For nearly an hour, I almost forget about the locked folder on my phone, about Clara’s careful voice explaining the difference between marital and separate property, about Daniel’s phone angled slightly away from me when a notification arrives.
Then Harper says, “Els?” and the room goes quiet.
I look up to find her watching me, her head tilted slightly, her expression careful. “How are you actually doing?” she asks, the question simple and direct in a way that makes it impossible to deflect.
The room settles into silence, or at least mostly. Leo is still making dinosaur noises at Milo, and Luca is refilling wine glasses whilst pretending not to push, their attention on me is the kind that happens when people who love you realize something is actually wrong.
I look at all of them, Luca already knowing, his face arranged in what I now recognize as his “I’m being supportive but also ready to commit crimes” expression; Harper watching me with careful eyes; Liv with her gaze fixed on the middle distance in the way she uses when she’s pretending not to be concerned. And I tell them.
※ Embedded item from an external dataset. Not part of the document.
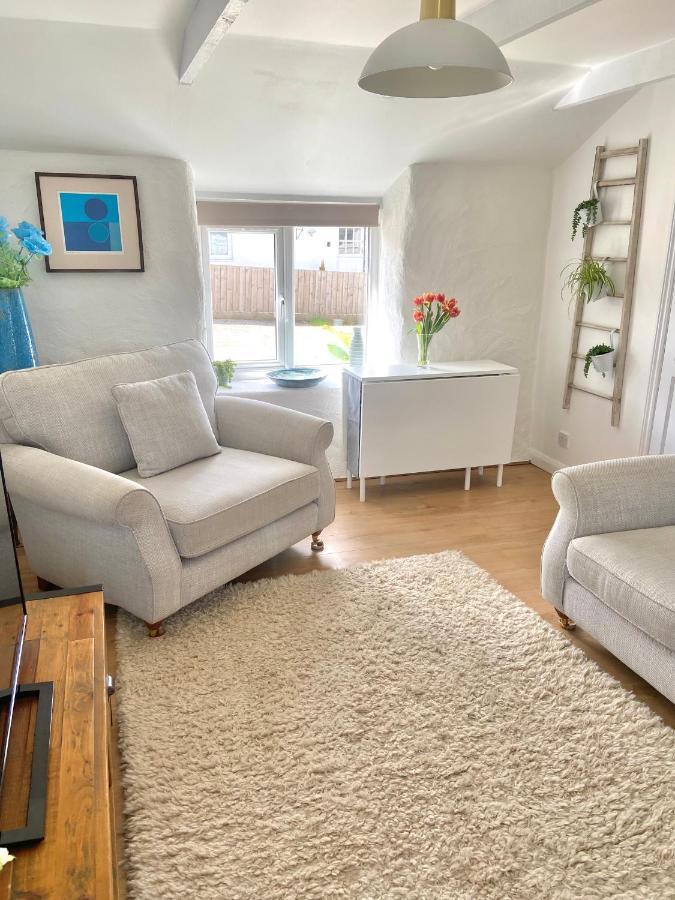 Idyllic Cornish Cottage, Superking Bed, Private Garden Dogs Welcome Truro Exterior photo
Not in a speech. In pieces, with pauses, with Milo interrupting twice to demand a bottle and Harper automatically reaching for it one-handed without breaking eye contact.
The NICU detail seems to shock them more than the rest. Harper sets her wine glass down on the table with a careful, deliberate movement.
Liv says, quietly and with complete conviction, “That’s genuinely evil.
” Luca stays very still in the way that means he’s actively choosing not to say the first seven things that came to mind.
“I have screen recordings,” I say, my voice steadier than I expected.
“That’s...” Harper starts, then stops, clearly reconsidering whatever she was about to say. “That’s actually really smart. To document everything, I mean.”
“I’ve been adding to it for the last few weeks,” I say.
The room is quiet for a moment, the only sound Leo’s voice as he explains to a fascinated Milo that some dinosaurs had feathers, “which is basically like having a built-in coat, which is extremely practical for the winter but also makes them look like giant angry chickens, which is funny.”
“I think the worst part,” I say, the words coming out before I can decide whether I want to say them, “is that he still acts normal. Like nothing’s changed. Like he’s not the same person who sent those messages.”
Something moves across Harper’s face, a brief, complicated expression that I don’t quite have the energy to decode. “Betrayal isn’t just about the act,” she says carefully. “It’s about watching someone become a stranger while they keep telling you they’re who you’ve always known.”